He sat forward, his fingertips pressed together, studying her. What did he see? What was he thinking? Did she sound insane? Evidently so, because when he said very quietly, gently even, “You and I need to talk about you, Ms. Matlock,” she knew he didn't believe her, probably hadn't believed her for a minute. He continued in that same gentle voice, “There's a big problem here. Without intervention, it will continue to get bigger and that worries me. Perhaps you're already seeing a psychiatrist?”

She had a big problem? She rose slowly and placed her hands on his desktop. “You're right about that, doctor. I do have a big problem. You just don't know where the problem really is. That, or you refuse to recognize it. That makes it easier, I guess.”

She grabbed up her purse and walked toward the door.
He called after her, “You need me, Ms. Matlock. You need my help. I don't like the direction you're going.

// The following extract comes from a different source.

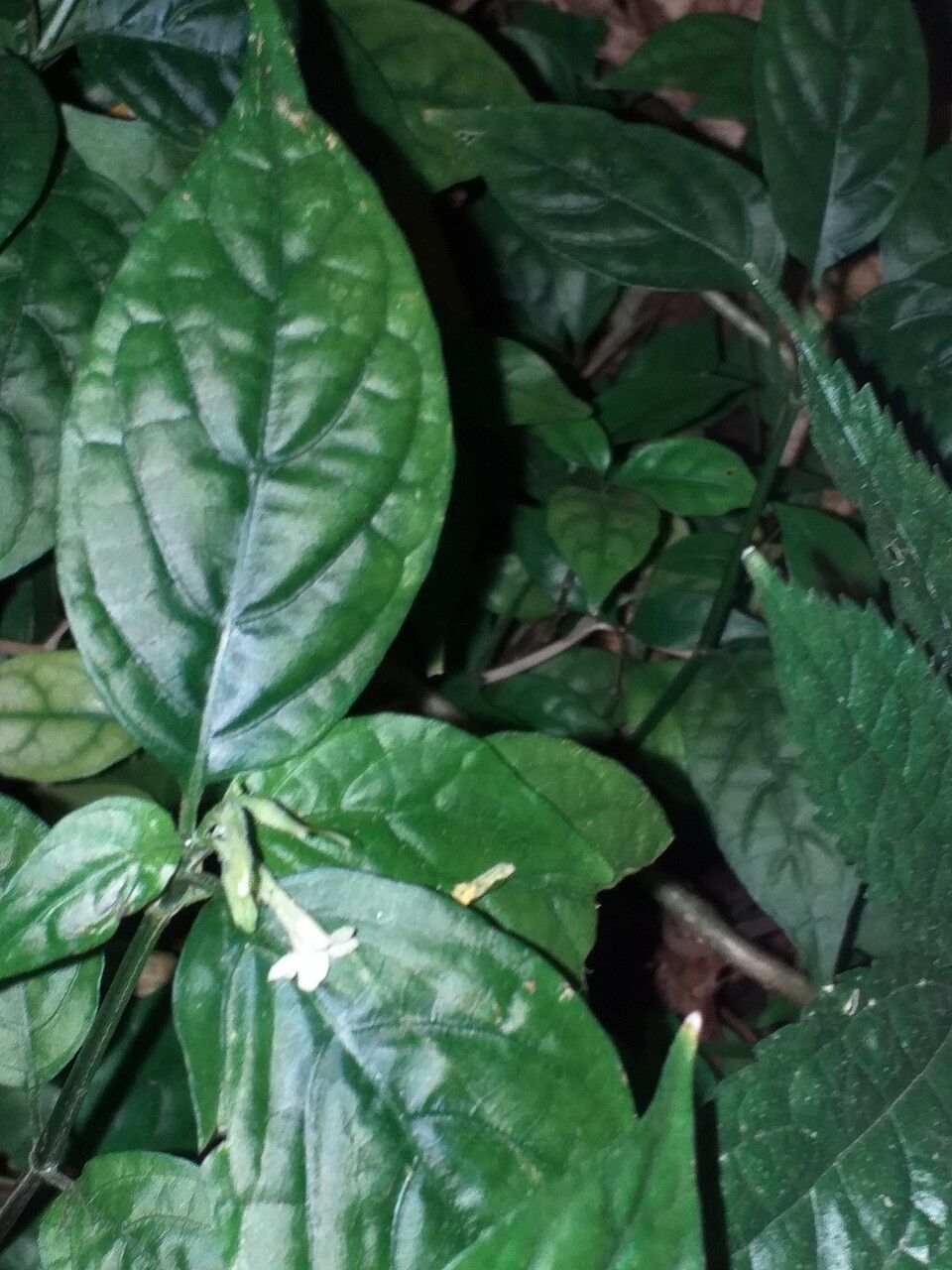 Pseuderanthemum subviscosum — search result for 'Pseuderanthemum'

Come back and let me talk to you.”

She said over her shoulder, “You're a fool, sir,” and kept walking. “As for your objectivity, perhaps you should consult your ethics about that, Doctor.”

She heard him coming after her. She slammed the door and took off running down the long dingy hallway.

3

B
ecca kept walking, her head down, out the front doors, staring at her Bally flats. From the corner of her eye, she saw a man turn away from her, quickly, too quickly. She was at One Police Plaza. There were a million people, all of them hurrying, like all New Yorkers, focused on where they were going, wasting not an instant. But this man, he was watching her, she knew it. It was him, it had to be. If only she could get close enough, she could describe him. Where was he now?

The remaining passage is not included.